Scraped caption text data
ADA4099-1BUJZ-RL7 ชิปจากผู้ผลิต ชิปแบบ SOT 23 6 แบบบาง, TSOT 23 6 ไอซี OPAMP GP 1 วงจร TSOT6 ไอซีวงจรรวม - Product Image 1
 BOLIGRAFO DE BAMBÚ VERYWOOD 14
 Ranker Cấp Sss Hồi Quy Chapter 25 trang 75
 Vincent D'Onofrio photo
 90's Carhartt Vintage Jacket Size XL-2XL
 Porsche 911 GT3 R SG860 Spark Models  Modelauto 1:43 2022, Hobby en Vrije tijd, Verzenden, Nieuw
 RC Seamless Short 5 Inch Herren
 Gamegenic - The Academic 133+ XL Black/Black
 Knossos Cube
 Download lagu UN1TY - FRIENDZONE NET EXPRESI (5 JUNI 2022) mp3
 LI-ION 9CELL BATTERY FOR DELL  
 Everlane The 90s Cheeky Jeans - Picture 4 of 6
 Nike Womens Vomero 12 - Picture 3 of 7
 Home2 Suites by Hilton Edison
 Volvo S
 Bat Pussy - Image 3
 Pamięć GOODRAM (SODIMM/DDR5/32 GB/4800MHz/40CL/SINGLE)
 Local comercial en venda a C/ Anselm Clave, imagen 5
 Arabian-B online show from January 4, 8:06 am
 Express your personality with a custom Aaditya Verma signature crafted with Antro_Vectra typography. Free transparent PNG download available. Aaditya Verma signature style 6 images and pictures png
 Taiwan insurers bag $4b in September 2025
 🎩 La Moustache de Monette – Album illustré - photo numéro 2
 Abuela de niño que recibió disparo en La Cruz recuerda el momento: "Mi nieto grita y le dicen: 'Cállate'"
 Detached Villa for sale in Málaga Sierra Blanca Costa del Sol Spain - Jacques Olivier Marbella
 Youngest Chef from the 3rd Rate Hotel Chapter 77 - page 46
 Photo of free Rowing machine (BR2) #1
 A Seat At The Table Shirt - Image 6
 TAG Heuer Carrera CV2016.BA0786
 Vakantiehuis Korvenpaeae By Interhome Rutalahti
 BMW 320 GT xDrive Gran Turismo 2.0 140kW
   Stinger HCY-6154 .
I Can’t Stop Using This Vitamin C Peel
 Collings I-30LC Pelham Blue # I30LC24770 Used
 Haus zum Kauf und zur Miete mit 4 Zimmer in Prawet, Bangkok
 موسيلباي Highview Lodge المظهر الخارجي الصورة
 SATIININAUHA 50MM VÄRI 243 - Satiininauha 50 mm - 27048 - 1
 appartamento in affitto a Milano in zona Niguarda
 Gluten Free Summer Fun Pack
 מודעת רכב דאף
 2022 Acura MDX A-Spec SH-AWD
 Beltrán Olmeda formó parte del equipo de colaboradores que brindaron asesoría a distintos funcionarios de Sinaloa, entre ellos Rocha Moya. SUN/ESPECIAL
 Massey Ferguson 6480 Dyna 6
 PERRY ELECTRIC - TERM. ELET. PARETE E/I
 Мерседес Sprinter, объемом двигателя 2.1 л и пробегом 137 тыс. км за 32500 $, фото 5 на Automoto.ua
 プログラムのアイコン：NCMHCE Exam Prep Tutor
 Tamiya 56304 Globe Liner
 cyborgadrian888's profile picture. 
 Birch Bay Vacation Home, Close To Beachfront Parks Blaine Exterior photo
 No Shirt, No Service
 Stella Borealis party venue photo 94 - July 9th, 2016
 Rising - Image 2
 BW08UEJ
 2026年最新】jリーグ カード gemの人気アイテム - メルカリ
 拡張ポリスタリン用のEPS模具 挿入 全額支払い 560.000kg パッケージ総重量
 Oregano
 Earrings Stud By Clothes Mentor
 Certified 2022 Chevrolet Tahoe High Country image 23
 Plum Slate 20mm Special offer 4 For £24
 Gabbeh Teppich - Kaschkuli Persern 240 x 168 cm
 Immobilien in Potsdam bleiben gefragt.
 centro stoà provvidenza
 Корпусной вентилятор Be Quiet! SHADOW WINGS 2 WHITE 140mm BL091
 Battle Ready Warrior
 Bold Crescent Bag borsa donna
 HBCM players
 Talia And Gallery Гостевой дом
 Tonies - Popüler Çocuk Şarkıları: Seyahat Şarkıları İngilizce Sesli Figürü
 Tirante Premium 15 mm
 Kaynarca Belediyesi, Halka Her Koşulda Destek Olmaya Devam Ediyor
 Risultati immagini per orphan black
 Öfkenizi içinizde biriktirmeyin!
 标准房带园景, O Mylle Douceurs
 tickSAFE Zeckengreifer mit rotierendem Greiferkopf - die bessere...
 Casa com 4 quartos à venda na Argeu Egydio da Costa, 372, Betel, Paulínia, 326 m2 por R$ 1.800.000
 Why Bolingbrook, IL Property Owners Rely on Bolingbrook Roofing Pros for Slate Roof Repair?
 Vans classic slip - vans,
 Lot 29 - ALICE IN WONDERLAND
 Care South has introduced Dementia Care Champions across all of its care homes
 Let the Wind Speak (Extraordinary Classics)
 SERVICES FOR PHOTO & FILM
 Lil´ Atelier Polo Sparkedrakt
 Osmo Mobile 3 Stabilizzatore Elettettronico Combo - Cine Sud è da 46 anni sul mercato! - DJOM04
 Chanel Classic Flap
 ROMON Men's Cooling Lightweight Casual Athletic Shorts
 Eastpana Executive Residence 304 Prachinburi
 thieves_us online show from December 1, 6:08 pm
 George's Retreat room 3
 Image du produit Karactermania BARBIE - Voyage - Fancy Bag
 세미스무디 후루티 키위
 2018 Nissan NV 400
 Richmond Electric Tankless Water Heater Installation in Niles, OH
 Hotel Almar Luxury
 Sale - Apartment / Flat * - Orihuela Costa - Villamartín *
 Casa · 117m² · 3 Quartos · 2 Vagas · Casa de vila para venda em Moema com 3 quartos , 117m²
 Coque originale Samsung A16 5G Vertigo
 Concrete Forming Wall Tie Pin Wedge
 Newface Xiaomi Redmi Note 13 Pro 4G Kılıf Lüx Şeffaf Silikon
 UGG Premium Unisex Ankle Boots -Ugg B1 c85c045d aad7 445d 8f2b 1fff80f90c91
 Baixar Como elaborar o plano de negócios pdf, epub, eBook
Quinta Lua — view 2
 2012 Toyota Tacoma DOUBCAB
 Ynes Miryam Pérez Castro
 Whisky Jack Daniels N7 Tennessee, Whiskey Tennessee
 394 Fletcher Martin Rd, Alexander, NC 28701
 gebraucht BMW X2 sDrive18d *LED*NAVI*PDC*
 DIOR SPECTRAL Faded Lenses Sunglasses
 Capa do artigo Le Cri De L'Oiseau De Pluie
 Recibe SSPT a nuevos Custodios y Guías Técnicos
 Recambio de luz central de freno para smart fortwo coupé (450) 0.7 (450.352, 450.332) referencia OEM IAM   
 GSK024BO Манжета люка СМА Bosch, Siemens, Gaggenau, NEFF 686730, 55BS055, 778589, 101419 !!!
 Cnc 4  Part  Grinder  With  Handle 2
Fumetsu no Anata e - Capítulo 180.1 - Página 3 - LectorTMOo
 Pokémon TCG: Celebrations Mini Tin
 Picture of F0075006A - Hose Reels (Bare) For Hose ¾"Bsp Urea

#### [WORK ITEM]
Transcribe, exactly as written, all lines of the entries above from the first to the one containing "BMW 320 GT xDrive Gran Turismo 2.0 140kW", and no more.

#### [WRITTEN SOLUTION]
ADA4099-1BUJZ-RL7 ชิปจากผู้ผลิต ชิปแบบ SOT 23 6 แบบบาง, TSOT 23 6 ไอซี OPAMP GP 1 วงจร TSOT6 ไอซีวงจรรวม - Product Image 1
 BOLIGRAFO DE BAMBÚ VERYWOOD 14
 Ranker Cấp Sss Hồi Quy Chapter 25 trang 75
 Vincent D'Onofrio photo
 90's Carhartt Vintage Jacket Size XL-2XL
 Porsche 911 GT3 R SG860 Spark Models  Modelauto 1:43 2022, Hobby en Vrije tijd, Verzenden, Nieuw
 RC Seamless Short 5 Inch Herren
 Gamegenic - The Academic 133+ XL Black/Black
 Knossos Cube
 Download lagu UN1TY - FRIENDZONE NET EXPRESI (5 JUNI 2022) mp3
 LI-ION 9CELL BATTERY FOR DELL  
 Everlane The 90s Cheeky Jeans - Picture 4 of 6
 Nike Womens Vomero 12 - Picture 3 of 7
 Home2 Suites by Hilton Edison
 Volvo S
 Bat Pussy - Image 3
 Pamięć GOODRAM (SODIMM/DDR5/32 GB/4800MHz/40CL/SINGLE)
 Local comercial en venda a C/ Anselm Clave, imagen 5
 Arabian-B online show from January 4, 8:06 am
 Express your personality with a custom Aaditya Verma signature crafted with Antro_Vectra typography. Free transparent PNG download available. Aaditya Verma signature style 6 images and pictures png
 Taiwan insurers bag $4b in September 2025
 🎩 La Moustache de Monette – Album illustré - photo numéro 2
 Abuela de niño que recibió disparo en La Cruz recuerda el momento: "Mi nieto grita y le dicen: 'Cállate'"
 Detached Villa for sale in Málaga Sierra Blanca Costa del Sol Spain - Jacques Olivier Marbella
 Youngest Chef from the 3rd Rate Hotel Chapter 77 - page 46
 Photo of free Rowing machine (BR2) #1
 A Seat At The Table Shirt - Image 6
 TAG Heuer Carrera CV2016.BA0786
 Vakantiehuis Korvenpaeae By Interhome Rutalahti
 BMW 320 GT xDrive Gran Turismo 2.0 140kW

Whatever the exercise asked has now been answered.